Siempre me he preguntado que extraño poder de sugestión detenta esa combinación de colores y símbolos impresos en una tela como para ser susceptible de movilizar voluntades de forma masiva y unívoca. Mi relación con las banderas nunca ha sido particularmente estrecha.

De hecho, la distancia que mantengo respecto a estas resulta similar a la establecida con esa cohorte de ideólogos de la patria a sueldo de los grandes hombres de negocio o, lo que es lo mismo, del poder. Al fin y al cabo, qué son realmente los denominados nacionalismos sino letanías emocionales para embaucar al pueblo al tiempo que se le expolia con el mismo ímpetu que son coreados los himnos que lo enardecen.

No es casualidad, por tanto, que el auge de los movimientos nacionalistas en Europa a finales del siglo XVIII y buena parte del XIX coincidiera con el desarrollo de la conciencia romántica que impregnaría los postulados de las revoluciones liberales e instituiría una nueva cosmovisión basada en el individuo, en el Yo, como centro indisoluble de la existencia humana. Esta perspectiva, trasladada al ámbito político, daría lugar a un repliegue localista posibilitado por el arraigo del Estado-Nación en todo el continente, una atomización territorial patente en la que se pondría en valor las particularidades inherentes a cada lugar en un proceso avivado por un literario sentimiento de pertenencia.
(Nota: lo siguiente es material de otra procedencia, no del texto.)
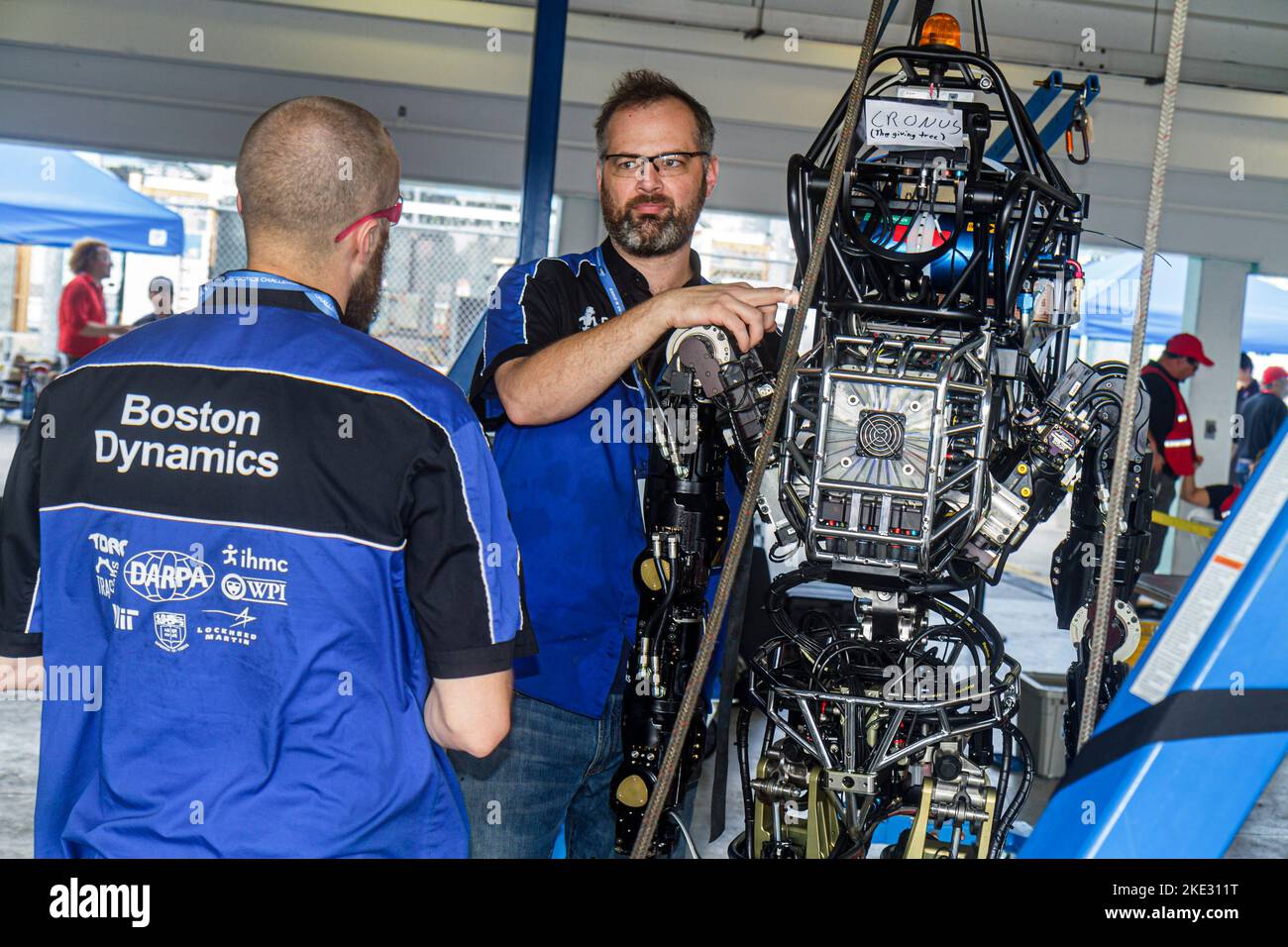 Miami Florida,Homestead,Speedway,DARPA Robotics Challenge Trials,remote controlled,robot,robots,man men male,student students engineering,adjusting,FL Stock Photo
Este proceso, evidentemente, obedecía también a razones históricas, como la paulatina caída de los regímenes imperiales que durante siglos pervivieron en Europa aglutinando grandes extensiones de terreno, desde Carlomagno hasta Napoleón pasando por Felipe II o la propia civilización romana. No obstante, el auge de la burguesía comercial y su desmedida ambición por acaparar el poder al que aún se aferraba la nobleza, facilitó el desarrollo de un discurso enaltecedor en torno a la soberanía del pueblo, la libertad o el sentimiento nacional, cuando en realidad el objetivo era mucho más pragmático; asaltar las estructuras de poder y no precisamente para entregárselas a la ciudadanía.

En la actualidad, el nacionalismo cuenta con dos vertientes paradójicas. Por un lado, la globalización económica y cultural (sendas caras de una misma moneda, al fin) ha tendido a diluir las fronteras de las naciones y a imponer una visión de la realidad más o menos unívoca, al menos en lo que podríamos catalogar el bloque occidental. Sin embargo, por otro lado, esta homogeneización de los flujos de dinero, información e ideologías ha provocado al mismo tiempo un movimiento de retroceso hacia posiciones localistas a través de las que se reafirma una suerte de identidad colectiva más cerrada y exclusiva.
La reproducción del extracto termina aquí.